Reformatting your query for readability (to me) as:

EXPLAIN ANALYZE
SELECT c.clause, s.subject ,s.object , s.verb, s.subject_type, 
s.object_type ,s.doc_id ,s.svo_id
FROM clause2 c INNER JOIN svo2 s ON (c.clause_id=s.clause_id AND 
c.source_id=s.doc_id AND c.sentence_id=s.sentence_id)

   INNER JOIN page_content p ON (s.doc_id=p.crawled_page_id)
ORDER BY s.svo_id limit 1000 offset 17929000

... I can see that you're joining on 
(c.clause_id,c.source_id,c.sentence_id)=(s.clause_id,s.doc_id,s.sentence_id). 
You have matching indexes idx_clause2_id and idx_svo2_id_dummy with 
matching column ordering. Pg is using idx_clause2_id in the join of svo2 
and clause2, but instead of doing a bitmap index scan using it and 
idx_svo2_id_dummy it's doing a nested loop using idx_clause2_id and 
pk_svo_id.


First: make sure your stats are up to date by ANALYZE-ing your tables 
and probably increasing the stats collected on the join columns and/or 
increasing default_statistics_target. If that doesn't help, personally 
I'd play with the random_page_cost and seq_page_cost to see if they 
reflect your machine's actual performance, and to see if you get a more 
favourable plan. If I were experimenting with this I'd also see if 
giving the query lots of work_mem allowed it to try a different approach 
to the join.



Limit  (cost=21685592.91..21686802.44 rows=1000 width=2624) (actual 
time=414601.802..414622.920 rows=1000 loops=1)
  -  Nested Loop  (cost=59.77..320659013645.28 rows=265112018116 
width=2624) (actual time=0.422..404902.314 rows=1793 loops=1)
-  Nested Loop  (cost=0.00..313889654.42 rows=109882338 
width=2628) (actual time=0.242..174223.789 rows=17736897 loops=1)
  -  Index Scan using pk_svo_id on svo2 s  
(cost=0.00..33914955.13 rows=26840752 width=2600) (actual 
time=0.157..14691.039 rows=14238271 loops=1)
  -  Index Scan using idx_clause2_id on clause2 c  
(cost=0.00..10.36 rows=4 width=44) (actual time=0.007..0.008 rows=1 
loops=14238271)
Index Cond: ((c.source_id = s.doc_id) AND 
(c.clause_id = s.clause_id) AND (c.sentence_id = s.sentence_id))
-  Bitmap Heap Scan on page_content p  (cost=59.77..2885.18 
rows=2413 width=8) (actual time=0.007..0.008 rows=1 loops=17736897)

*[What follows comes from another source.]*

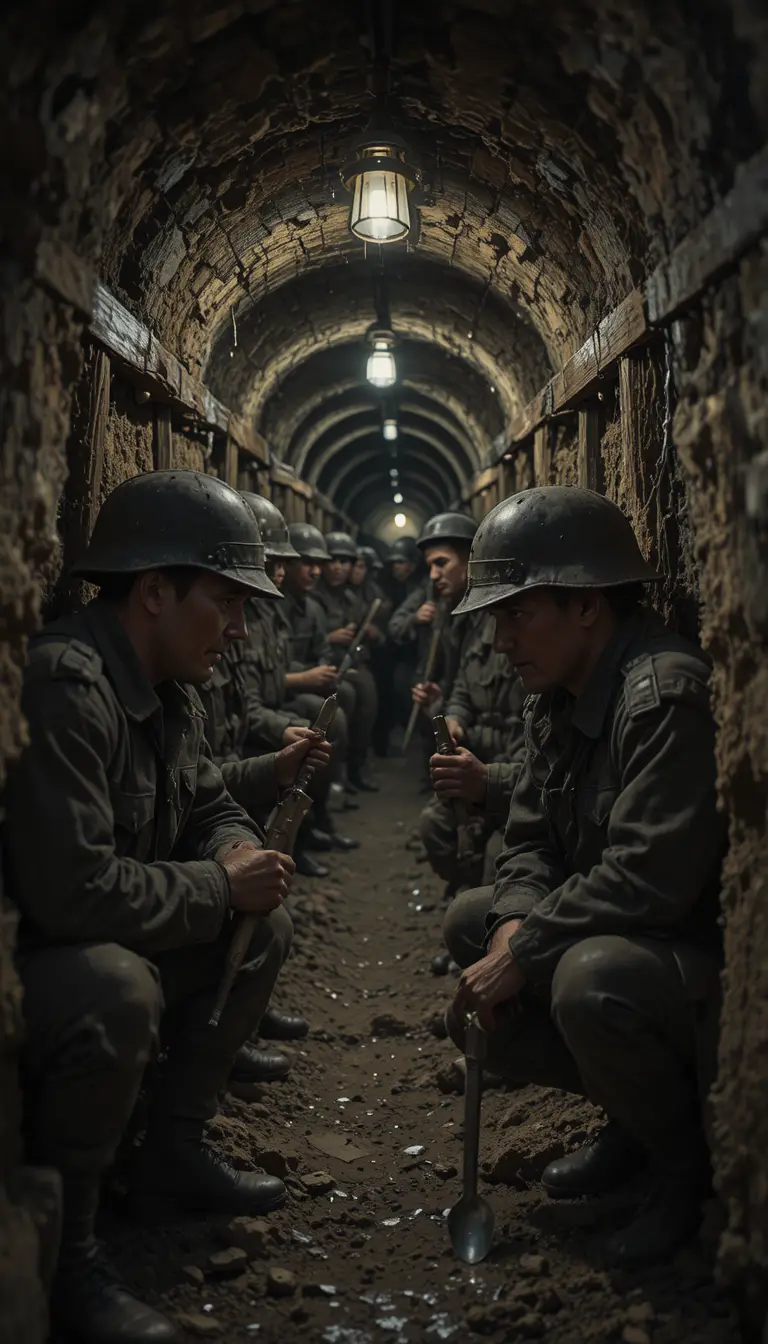 World War II prisoners digging a secret escape tunnel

  Recheck Cond: (p.crawled_page_id = s.doc_id)
  -  Bitmap Index Scan on idx_crawled_id  
(cost=0.00..59.17 rows=2413 width=0) (actual time=0.005..0.005 rows=1 
loops=17736897)

Index Cond: (p.crawled_page_id = s.doc_id)
Total runtime: 414623.634 ms

_*My Table  index definitions are as under :-

*_Estimated rows in 3 tables are :-

clause2 10341700
svo2 26008000
page_content 479785

CREATE TABLE clause2
(
  id bigint NOT NULL DEFAULT nextval('clause_id_seq'::regclass),
  source_id integer,
  sentence_id integer,
  clause_id integer,
  tense character varying(30),
  clause text,
  CONSTRAINT pk_clause_id PRIMARY KEY (id)
)WITH ( OIDS=FALSE);
CREATE INDEX idx_clause2_id  ON clause2  USING btree (source_id, 
clause_id, sentence_id);


CREATE TABLE svo2
(
  svo_id bigint NOT NULL DEFAULT nextval('svo_svo_id_seq'::regclass),
  doc_id integer,
  sentence_id integer,
  clause_id integer,
  negation integer,
  subject character varying(3000),
  verb character varying(3000),
  object character varying(3000),
  preposition character varying(3000),
  subject_type character varying(3000),
  object_type character varying(3000),
  subject_attribute character varying(3000),
  object_attribute character varying(3000),
  verb_attribute character varying(3000),
  subject_concept character varying(100),
  object_concept character varying(100),
  subject_sense character varying(100),
  object_sense character varying(100),
  subject_chain character varying(5000),
  object_chain character varying(5000),
  sub_type_id integer,
  obj_type_id integer,
  CONSTRAINT pk_svo_id PRIMARY KEY (svo_id)
)WITH (  OIDS=FALSE);
CREATE INDEX idx_svo2_id_dummy  ON svo2  USING btree  (doc_id, 
clause_id, sentence_id);


CREATE TABLE page_content
(
  content_id integer NOT NULL DEFAULT 
nextval('page_content_ogc_fid_seq'::regclass),

  wkb_geometry 

Re: [PERFORM] Why query takes soo much time

2011-05-16 Thread Denis de Bernardy
[big nestloop with a huge number of rows]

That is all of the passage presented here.